Chuto and Cusi take their annual journey to the Salt Pits to gather salt.  It is the first time Cusi can remember leaving the valley.  He sees many new sights and many new people.  However, he does not get to meet the family he has been watching that lives below them in the valley.  Cusi longs for a family all his own.  The trip is brief and Cusi is glad to return home.

One day Amauta arrives to teach Cusi all he needs to know.  Chuto tells Cusi, “Your acts obey only the course of your own mind’s whisper.”  Amauta teaches Cusi all he knows and then he leaves and Cusi is left wondering what all this means.

One day he follows Misti to a hidden valley and finds a pair of golden slippers.  Chuto tells Cusi this is the sign for him to leave to Cuzco and find his heart’s desire.  He gives Cusi Misti and seven other llamas packed with wool to take on his journey.

Cusi is helped along the way by a hidden village of Inca.  He meets a strange woman whom he gives 5 of his llamas to.  Cusp’s journey continues as he searches for a family.  He finds a family that takes him in but it doesn’t seem right.  His heart is in the hidden valley with Chuto whom he loves.  He is learning to follow his heart and seize the days that are awaiting him.  He is learning that a family is Chuto and the llamas and sharing everything with one another.

Cusi learned to read his own heart and thereby find his heart’s desire.  “Grieve not your searching circles,” an old man known as the Keeper of the Fields told Cusi.  His desire was to return to his real home with Chuto and the llamas.

When Cusi returned, Chuto questioned him, asking him if this was his true desire to stay in the mountains.  Cusi said yes and with those words made a blood vow to always breed the Inca llamas and care for them.  Chuto showed Cusi a hidden passage full of gold dust, dust the Incas had brought the Spaniards to release their kind.  Instead the king was killed and the Inca hid the gold and the llamas.  Only two alive know where the gold is:  Chuto and now Cusi.  Cusi is the Chosen One, the one to guard the flock and the gold and to train the new chosen one when the time is come.

Cusi learns that he is the son of another Chosen One, one that Chuto had trained but who had run away because Chuto would never allow him to leave.  His real father, Titu, sent Cusi in his place.  Now, Cusi is free to travel the world as a proper Herdsman of the Inca’s llamas must be wise and well travelled.  Chuto will stay for the animals.  However, Cusi says not now for he is happy there.  They salute the sun for a new beginning.
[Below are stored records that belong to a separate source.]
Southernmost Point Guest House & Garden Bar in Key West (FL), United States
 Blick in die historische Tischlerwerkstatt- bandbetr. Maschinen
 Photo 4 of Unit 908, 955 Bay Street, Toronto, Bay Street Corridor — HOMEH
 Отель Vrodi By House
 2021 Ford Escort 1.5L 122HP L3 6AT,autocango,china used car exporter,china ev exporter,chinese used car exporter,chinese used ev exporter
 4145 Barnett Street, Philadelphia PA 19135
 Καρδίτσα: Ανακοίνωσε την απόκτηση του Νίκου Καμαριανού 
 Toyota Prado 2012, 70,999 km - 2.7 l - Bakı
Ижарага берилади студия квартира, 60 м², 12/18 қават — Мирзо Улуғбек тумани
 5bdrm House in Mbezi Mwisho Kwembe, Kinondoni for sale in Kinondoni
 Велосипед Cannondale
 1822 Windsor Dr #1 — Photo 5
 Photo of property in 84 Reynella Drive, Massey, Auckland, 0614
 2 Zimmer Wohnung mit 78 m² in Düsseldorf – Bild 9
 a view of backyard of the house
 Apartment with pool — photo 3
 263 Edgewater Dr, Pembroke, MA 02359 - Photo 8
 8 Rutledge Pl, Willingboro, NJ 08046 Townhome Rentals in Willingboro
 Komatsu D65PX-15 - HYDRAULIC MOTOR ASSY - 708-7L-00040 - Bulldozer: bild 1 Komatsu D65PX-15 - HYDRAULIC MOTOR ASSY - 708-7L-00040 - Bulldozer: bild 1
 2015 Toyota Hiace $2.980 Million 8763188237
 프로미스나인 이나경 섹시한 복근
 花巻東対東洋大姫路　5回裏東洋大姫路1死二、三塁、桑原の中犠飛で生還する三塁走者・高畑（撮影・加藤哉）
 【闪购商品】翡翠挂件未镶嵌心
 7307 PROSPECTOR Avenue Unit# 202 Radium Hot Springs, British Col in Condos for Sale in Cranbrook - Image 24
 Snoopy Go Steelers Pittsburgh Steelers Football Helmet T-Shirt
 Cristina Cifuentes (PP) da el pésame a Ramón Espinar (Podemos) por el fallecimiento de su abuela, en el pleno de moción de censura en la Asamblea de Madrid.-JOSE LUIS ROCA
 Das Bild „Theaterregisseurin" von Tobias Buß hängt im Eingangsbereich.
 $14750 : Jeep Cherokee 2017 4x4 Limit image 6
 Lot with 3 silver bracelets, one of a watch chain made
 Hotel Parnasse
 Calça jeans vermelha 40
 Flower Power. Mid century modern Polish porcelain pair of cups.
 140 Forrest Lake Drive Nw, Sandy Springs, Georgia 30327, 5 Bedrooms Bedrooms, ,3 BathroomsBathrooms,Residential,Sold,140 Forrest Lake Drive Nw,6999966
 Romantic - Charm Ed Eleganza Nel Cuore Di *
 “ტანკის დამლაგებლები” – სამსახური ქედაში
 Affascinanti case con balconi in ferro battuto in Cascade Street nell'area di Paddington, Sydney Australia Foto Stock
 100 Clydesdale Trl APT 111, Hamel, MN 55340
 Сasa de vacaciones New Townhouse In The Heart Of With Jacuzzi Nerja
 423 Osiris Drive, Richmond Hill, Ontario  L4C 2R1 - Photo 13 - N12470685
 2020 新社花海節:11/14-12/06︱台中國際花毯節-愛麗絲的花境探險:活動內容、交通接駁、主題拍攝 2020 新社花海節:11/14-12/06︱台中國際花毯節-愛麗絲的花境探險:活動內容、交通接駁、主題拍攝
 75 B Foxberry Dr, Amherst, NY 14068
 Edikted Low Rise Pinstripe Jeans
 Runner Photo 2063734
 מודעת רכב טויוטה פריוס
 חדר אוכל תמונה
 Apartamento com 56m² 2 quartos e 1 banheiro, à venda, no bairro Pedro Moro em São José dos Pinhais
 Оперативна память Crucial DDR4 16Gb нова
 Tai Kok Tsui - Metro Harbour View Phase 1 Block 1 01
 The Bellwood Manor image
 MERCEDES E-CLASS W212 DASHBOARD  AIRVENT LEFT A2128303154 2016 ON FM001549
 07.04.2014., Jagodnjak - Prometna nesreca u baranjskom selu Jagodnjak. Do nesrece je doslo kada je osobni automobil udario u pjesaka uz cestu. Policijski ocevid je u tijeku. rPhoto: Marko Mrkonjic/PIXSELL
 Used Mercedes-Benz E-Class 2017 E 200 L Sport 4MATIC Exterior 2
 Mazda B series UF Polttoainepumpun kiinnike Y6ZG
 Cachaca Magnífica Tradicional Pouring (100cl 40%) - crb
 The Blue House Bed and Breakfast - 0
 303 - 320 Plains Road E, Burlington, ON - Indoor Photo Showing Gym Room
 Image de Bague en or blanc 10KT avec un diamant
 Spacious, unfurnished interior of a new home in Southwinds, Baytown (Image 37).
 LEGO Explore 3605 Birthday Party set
Most memorable quote:  “Open your eyes.  Open your heart.  Open your mind.  The day is waiting for you.”

This book is fatefully known as the book that beat Charlotte’s Web for the Newbery Award.  Some on the committee have explained their votes by saying there are no good books on South America.  History tells its take on that.

Great tale and a short read.  Slow at first but picks up quickly.  Keeps the readers guessing to the very end as to what the Secret of the Andes is and who Cusi is.  My kids and I had fun in guessing who Cusi really was and what his purpose was.

Great depiction of the Incas.  One of our favorite parts is how Inca Indians keep showing up to help Cusi on his journeys and how everyone knows who he is but Cusi doesn’t.  Great story weaving.  Great, vivid descriptions.  Great book for the family and on finding your own heart’s desire and path in the world.